Le réseau ferroviaire français pourrait connaître un changement historique dans les semaines à venir : pour la première fois, la SNCF pourrait perdre la gestion d'une ligne de TER en faveur d'une autre entreprise.

En région Provence-Alpes-Côte d'Azur, les élus débattent pour choisir qui exploitera la ligne Marseille-Nice. La région encourage ses élus à voter en faveur du groupe Transdev, un groupe français de transport présent dans 17 pays. Une concurrence sérieuse pour la SNCF, qui pourrait bien perdre son hégémonie sur les transports ferroviaires de l'hexagone. La décision finale doit être rendue le 29 octobre prochain, mais la SNCF se prépare depuis longtemps à l'ouverture à la concurrence sur le marché français.

« SNCF Voyageurs [qui rassemble TGV, TER, Intercités et Transilien] souhaite le meilleur succès à Transdev, dans l’intérêt des voyageurs et du développement du transport ferroviaire dans la région. Ce choix marque (…) la concrétisation de l’ouverture à la concurrence à laquelle nous nous préparons de longue date, où nos autorités organisatrices ont la liberté de choisir d’autres opérateurs que nous », indique Christophe Fanichet, PDG de SNCF Voyageurs, dans un communiqué relayé par Le Monde.

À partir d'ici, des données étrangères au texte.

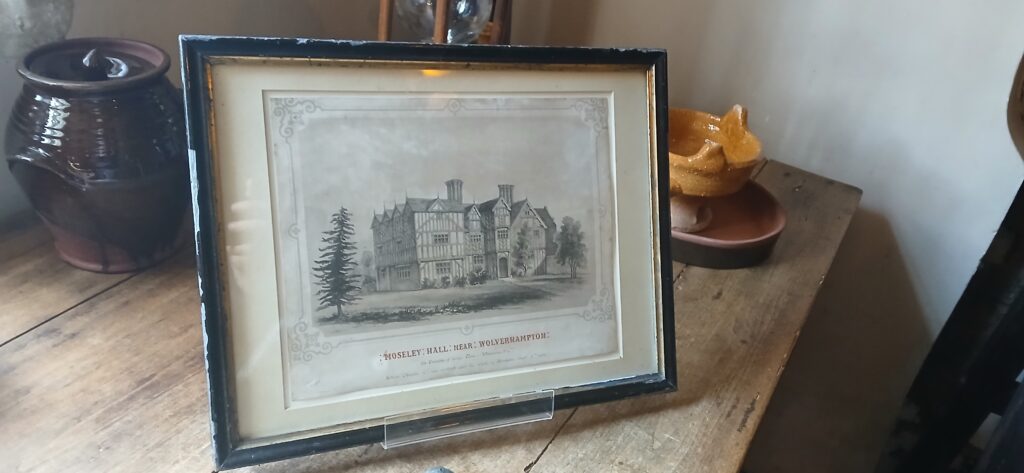 Mosley Old Hall before it was encased in brick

Cette ligne de TER représente un enjeu majeur pour la région : elle effectue 10% du trafic régional, en nombre de trains proposés. La région met donc en jeu un contrat de concession de 10 ans, estimé à 870 millions d'euros. Trois entreprises ont répondu à l'appel d'offres : la SNCF, Transdev et Thello, une filiale de l'entreprise italienne Trenitalia. Transdev, pour remporter le contrat, a promis de doubler le trafic d'ici 2025, en proposant 14 allers-retours quotidiens.

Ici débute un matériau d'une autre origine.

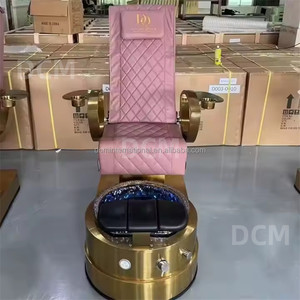 <span class=keywords><strong>Popular</strong></span> plomería rosa y oro pie Spa estación manicura pedicura silla con masaje para salón de uñas - Product Image 2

La région PACA soutient l'ouverture à la concurrence du marché ferroviaire, afin « d’améliorer très significativement l’offre pour les usagers », justifie Renaud Muselier (LR).  « On va avoir des prix canonissimes proposés par les opérateurs publics ou privés, français ou étrangers, qui répondront à ces appels d’offres. On va avoir les trains à l’heure, on va avoir des rabais, avec une qualité de service ! », avait-il affirmé en 2019, lorsque l'ouverture à la concurrence avait démarré.

« C’est historique dans le monde ferroviaire, c’est la première fois qu’un lot de cette importance serait accordé à un autre opérateur que la SNCF », souligne Philippe Tabarot, sénateur LR des Alpes-Maritimes et ex-vice-président en charge des transports à la région PACA. Il avait pour tâche de gérer ce dossier jusqu’aux élections régionales, en juin dernier.

A la SNCF, cette perspective est moins réjouissante. Didier Mathis, secrétaire général de l’UNSA-Ferroviaire, deuxième syndicat à la SNCF, s'inquiète du futur des agents de cette ligne de TER. « Nous sommes attristés de cette décision, car cela va entraîner le transfert de 166 agents [de la SNCF vers Transdev] », a-t-il indiqué.

La SNCF pourrait perdre de nouvelles parts de marché dans les mois ou années à venir : le Grand-Est, les Hauts-de-France, l’Ile-de-France et les Pays de la Loire ont manifesté leur intérêt pour l'ouverture à la concurrence de leur réseau TER.